PRESS RELEASE

Staying on the Growth Path through Savings Key for Poland’s Future, says the World Bank

October 21, 2014


WARSAW, October 20, 2014 – Growth boosted by increased household and public savings can help the Polish economy stay on a path of sustained long-term economic development, says a new World Bank report, Poland Country Economic Memorandum (CEM): Saving for Growth and Prosperous Aging. Recent economic trends in advanced and emerging economies point to a lukewarm growth outlook.  Against the backdrop of rapidly aging populations and slowing productivity growth, Poland too wrestles with the challenge of revisiting its growth model.

The report emphasizes the importance of national saving in promoting economic growth and development.  Sustaining growth in Poland, with remaining infrastructure gaps and an aging population, will require further investment as well as continuous improvements in productivity. In order to keep the balance of payments and net international investment position intact, the increased level of investment spending needs to be financed by increased savings.  The report says that in order for Poland to sustain its per-capita economic growth at 3.5 percent annually, the national saving rate needs to increase from below the current 18 percent to 23 percent by 2030, provided a strong total-factor productivity (TFP) growth continues.

“Poland’s economy has grown impressively over the last two decades and the country has become the European growth champion.

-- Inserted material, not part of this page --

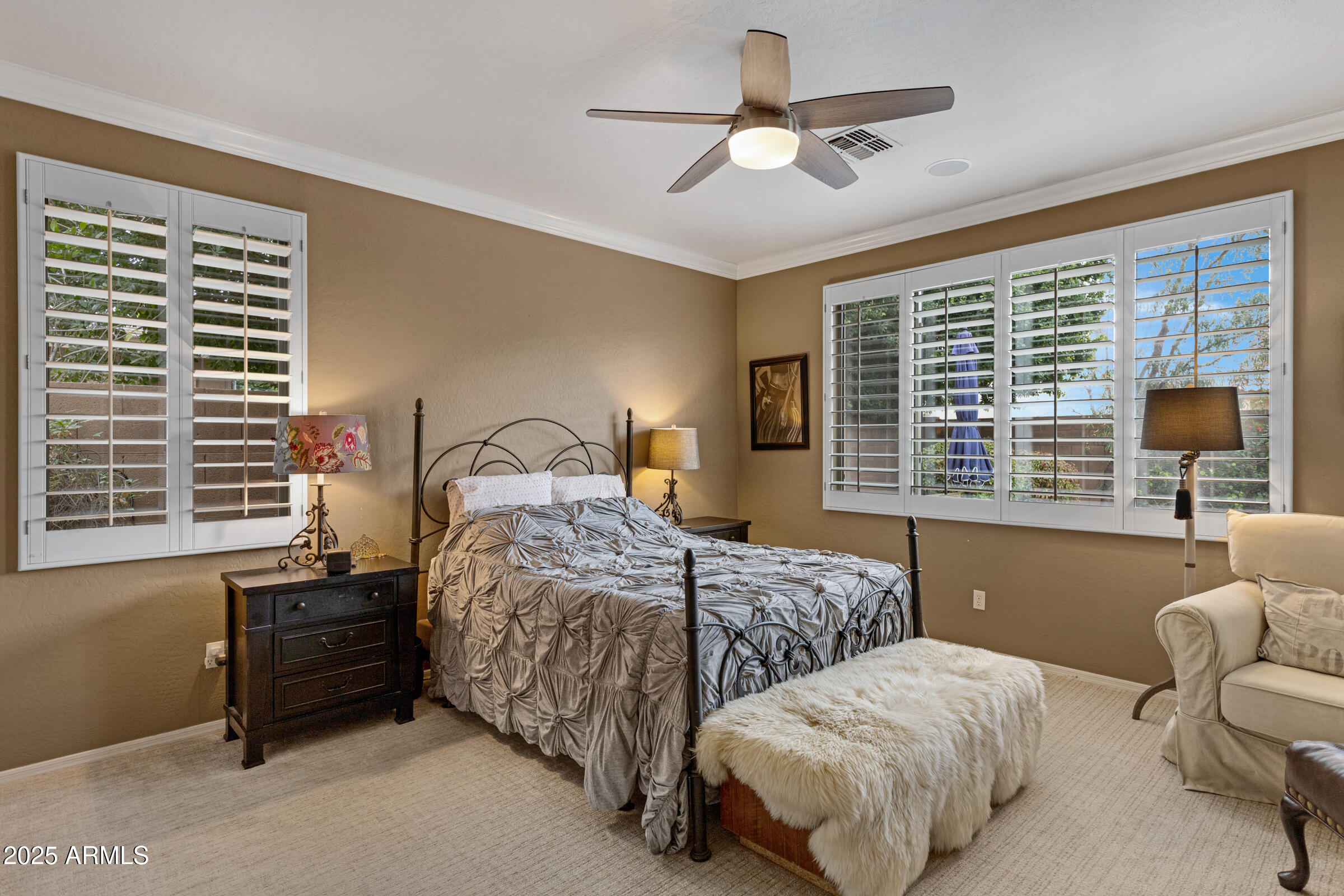 141 W ROADRUNNER Drive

Now the main challenge is to ensure that these achievements are sustained going forward so that income levels in Poland continue to converge with those in the rest of Europe,” said Marina Wes, World Bank Country Manager for Poland and the Baltic Countries.

The rapid aging of the Polish population not only acts as a possible brake on growth, but also raises challenges for the sustainability of the pension scheme. The pension reform of 1999 made the pension system fiscally sustainable and fair, but the cost of achieving this will be a substantial fall in the average replacement rate. Additional transfers of part of national income to pensioners will be needed to prevent from old-age poverty. Part of the solution is individual saving and asset accumulation.  The report demonstrates that the current working age population will have to save an additional 10 percent of their annual earnings to guarantee current replacement rates.

With this report we hope to stimulate public discussion and help policymakers design appropriate measures to support saving-based growth agenda in Poland,” said Emilia Skrok, Senior Economist and the author of the report.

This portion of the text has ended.